Reproduce the data below word for word, setting aside any picture it holds.
:: Input data ::
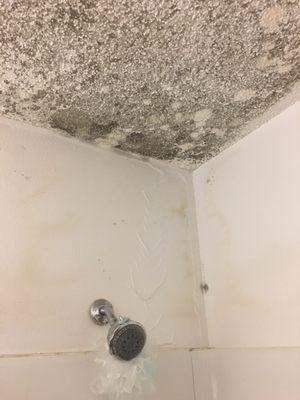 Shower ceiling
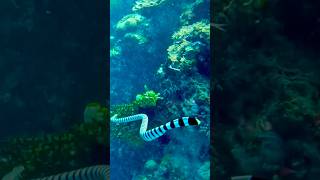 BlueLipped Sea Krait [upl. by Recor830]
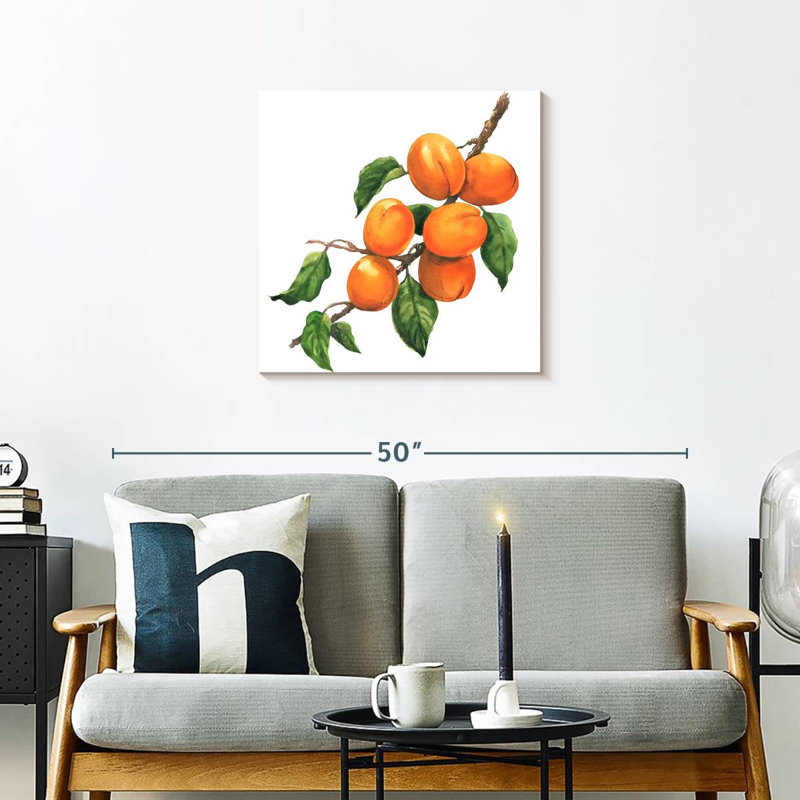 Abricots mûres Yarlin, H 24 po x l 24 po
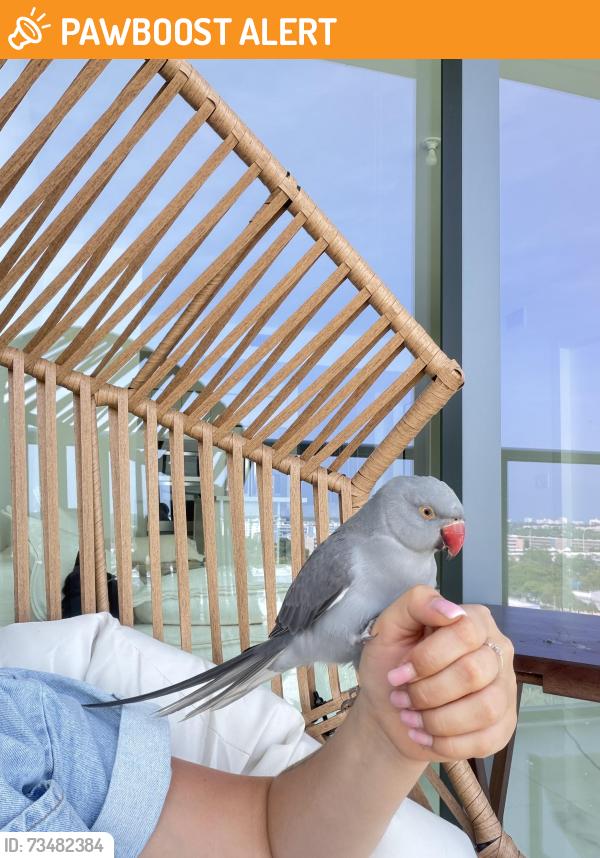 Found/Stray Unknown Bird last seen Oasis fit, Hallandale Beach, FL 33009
:::
Response =
 Shower ceiling
 BlueLipped Sea Krait [upl. by Recor830]
 Abricots mûres Yarlin, H 24 po x l 24 po
 Found/Stray Unknown Bird last seen Oasis fit, Hallandale Beach, FL 33009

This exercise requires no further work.